** Opening DATA EXCERPTS block **

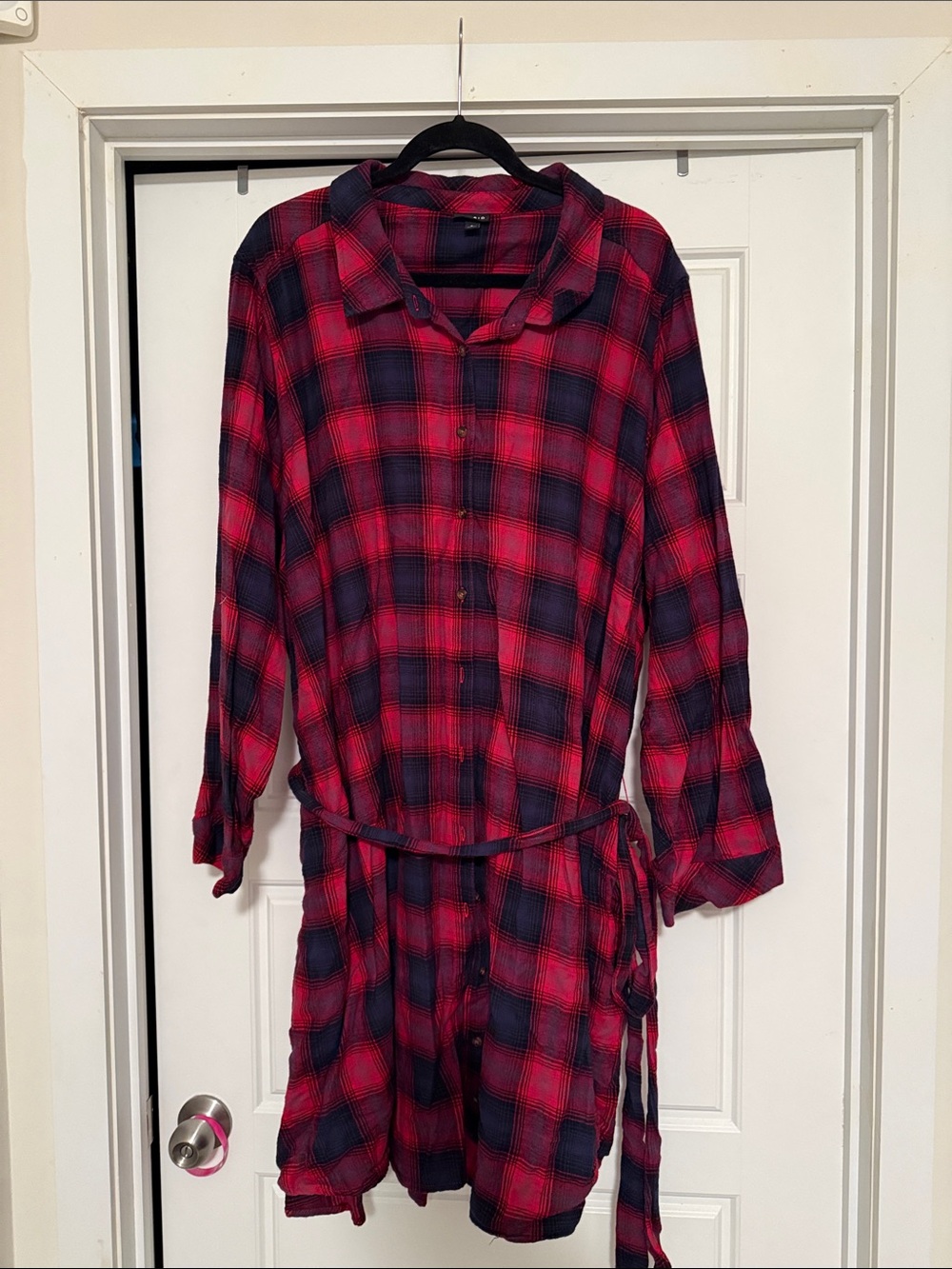 Women’s Red and Navy Plaid Shirt Dress with Waist Tie Size 6X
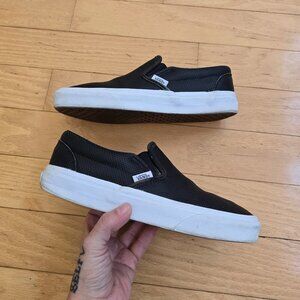 VANS | Classic black perforated leather slip-on sneakers | WMS 7.5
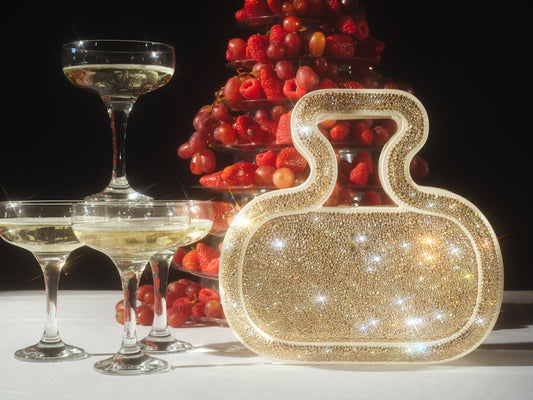 Silhouette Bag in Champagne Gold Swarovski crystals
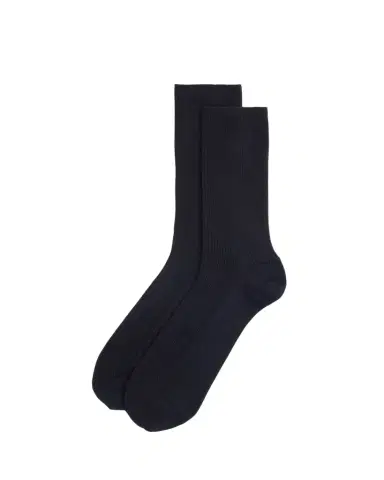 Loro Piana Men's Baby Cashmere Ribbed Crew Socks | Thumbnail 1 Loro Piana Men's Baby Cashmere Ribbed Crew Socks | Thumbnail 1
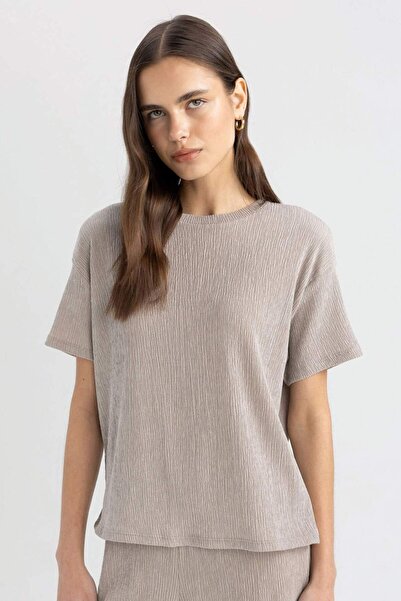 DeFacto Relax Fit Crew Neck Wrap Short Sleeve T-Shirt C3843Ax24Sp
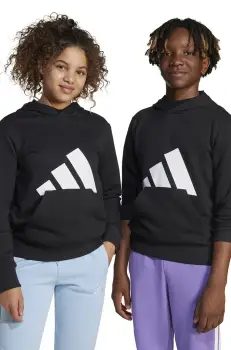 adidas bluza copii culoarea negru, cu gluga, cu imprimeu, JC9667 imagine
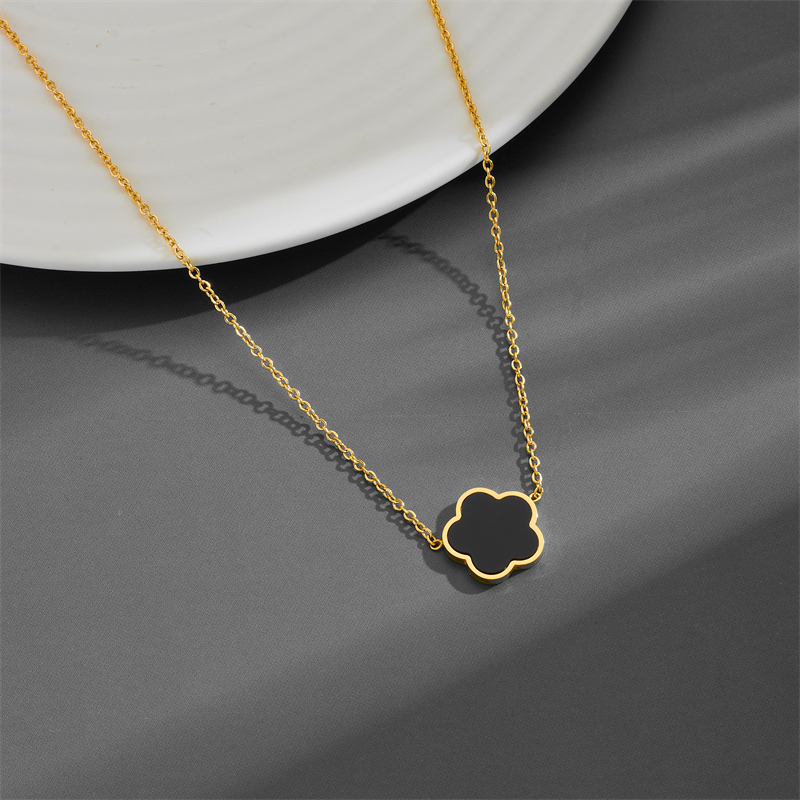Titanium Steel 18K Gold Plated Simple Style Inlay Plant Acrylic Bracelets Necklace display picture 5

** Closing DATA EXCERPTS block **

▶ [EXERCISE DESCRIPTION] An exact copy of the entries, minus the pictures, is what's needed here.

▶ [TASK SOLUTION]
 Women’s Red and Navy Plaid Shirt Dress with Waist Tie Size 6X
 VANS | Classic black perforated leather slip-on sneakers | WMS 7.5
 Silhouette Bag in Champagne Gold Swarovski crystals
 Loro Piana Men's Baby Cashmere Ribbed Crew Socks | Thumbnail 1 Loro Piana Men's Baby Cashmere Ribbed Crew Socks | Thumbnail 1
 DeFacto Relax Fit Crew Neck Wrap Short Sleeve T-Shirt C3843Ax24Sp
 adidas bluza copii culoarea negru, cu gluga, cu imprimeu, JC9667 imagine
Titanium Steel 18K Gold Plated Simple Style Inlay Plant Acrylic Bracelets Necklace display picture 5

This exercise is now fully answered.